Po kuriozalnych błędach Lorisa Kariusa w finale Ligi Mistrzów w sezonie 2017/2018 Liverpool zintensyfikował wysiłki mające na celu pozyskanie Alissona Beckera. Przedstawiciele klubu z Anfield Road nie żałowali funduszy na pozyskanie brazylijskiego golkipera, płacąc za zawodnika rekordową kwotę ponad 67 milionów funtów. Stało się jasne, że Simon Mignolet będzie musiał się pogodzić z rolą jedynie rezerwowego, co po ogłoszeniu transakcji potwierdził Jürgen Klopp.
– Kupiliśmy Alissona, więc jest jasne, że będzie naszym numerem jeden. W innym przypadku nie zapłacilibyśmy takich pieniędzy – mówił w rozmowie ze Sky Sports menedżer Liverpoolu.
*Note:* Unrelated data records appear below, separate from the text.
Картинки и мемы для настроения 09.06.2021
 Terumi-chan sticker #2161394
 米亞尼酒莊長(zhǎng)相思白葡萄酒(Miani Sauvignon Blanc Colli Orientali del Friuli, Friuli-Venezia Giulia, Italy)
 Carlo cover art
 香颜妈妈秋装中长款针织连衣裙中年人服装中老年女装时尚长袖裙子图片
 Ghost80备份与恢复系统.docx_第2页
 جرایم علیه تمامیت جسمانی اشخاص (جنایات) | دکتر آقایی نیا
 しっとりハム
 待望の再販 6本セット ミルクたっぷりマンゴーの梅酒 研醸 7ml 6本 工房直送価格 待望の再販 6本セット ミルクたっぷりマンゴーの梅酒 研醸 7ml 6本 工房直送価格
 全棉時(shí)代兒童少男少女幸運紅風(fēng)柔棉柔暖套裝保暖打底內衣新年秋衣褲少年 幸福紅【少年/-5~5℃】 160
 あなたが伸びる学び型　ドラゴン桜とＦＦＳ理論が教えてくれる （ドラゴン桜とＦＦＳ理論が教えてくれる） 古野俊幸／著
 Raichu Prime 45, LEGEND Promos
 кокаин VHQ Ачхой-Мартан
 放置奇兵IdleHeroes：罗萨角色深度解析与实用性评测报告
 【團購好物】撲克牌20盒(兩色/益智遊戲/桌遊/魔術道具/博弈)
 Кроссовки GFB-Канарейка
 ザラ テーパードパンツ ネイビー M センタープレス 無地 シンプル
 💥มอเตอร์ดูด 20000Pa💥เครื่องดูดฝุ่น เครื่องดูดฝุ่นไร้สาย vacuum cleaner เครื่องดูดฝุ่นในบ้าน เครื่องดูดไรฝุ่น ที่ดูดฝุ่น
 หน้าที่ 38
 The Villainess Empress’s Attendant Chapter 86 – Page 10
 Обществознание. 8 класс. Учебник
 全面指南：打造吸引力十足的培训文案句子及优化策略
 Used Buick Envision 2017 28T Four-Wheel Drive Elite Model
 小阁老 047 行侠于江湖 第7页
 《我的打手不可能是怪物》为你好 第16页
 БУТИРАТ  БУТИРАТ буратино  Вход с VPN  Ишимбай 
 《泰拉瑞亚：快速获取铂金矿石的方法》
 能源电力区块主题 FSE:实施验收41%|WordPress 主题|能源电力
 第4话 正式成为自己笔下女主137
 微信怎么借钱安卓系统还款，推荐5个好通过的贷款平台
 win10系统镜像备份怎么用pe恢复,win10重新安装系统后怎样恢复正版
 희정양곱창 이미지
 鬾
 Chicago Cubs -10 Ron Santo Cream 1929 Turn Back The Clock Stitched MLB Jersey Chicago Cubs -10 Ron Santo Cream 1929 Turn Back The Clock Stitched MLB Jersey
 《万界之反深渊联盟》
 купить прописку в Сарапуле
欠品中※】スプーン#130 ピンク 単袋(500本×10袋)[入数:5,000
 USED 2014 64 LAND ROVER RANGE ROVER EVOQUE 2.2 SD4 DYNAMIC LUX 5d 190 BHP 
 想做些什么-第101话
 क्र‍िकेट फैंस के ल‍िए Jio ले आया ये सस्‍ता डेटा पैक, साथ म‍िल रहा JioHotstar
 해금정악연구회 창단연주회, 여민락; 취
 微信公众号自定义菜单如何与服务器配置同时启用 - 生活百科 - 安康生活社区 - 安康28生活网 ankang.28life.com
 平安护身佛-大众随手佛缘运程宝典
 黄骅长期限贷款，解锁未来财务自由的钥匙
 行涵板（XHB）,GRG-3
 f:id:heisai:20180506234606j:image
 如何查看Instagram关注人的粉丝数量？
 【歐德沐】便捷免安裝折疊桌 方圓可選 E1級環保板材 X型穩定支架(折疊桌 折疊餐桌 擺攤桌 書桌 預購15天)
Simon Mignolet musiał cierpliwie czekać na szansę gry. Jednak nawet po początkowych błędach Alissona Beckera pozycja Brazylijczyka w zespole była niepodważalna. Reprezentant „Canarinhos” występował zarówno w Premier League, jak i Lidze Mistrzów. Dla Belga pozostały jedynie krajowe rozgrywki pucharowe. „The Reds” nie uniknęli w nich jednak wymagających rywali. To spowodowało, że zespół z Anfield Road zarówno z Pucharu Ligi, jak i Pucharu Anglii odpadł po zaledwie jednym spotkaniu. Dla Simona Mignoleta sezon zakończył się praktycznie już na początku stycznia.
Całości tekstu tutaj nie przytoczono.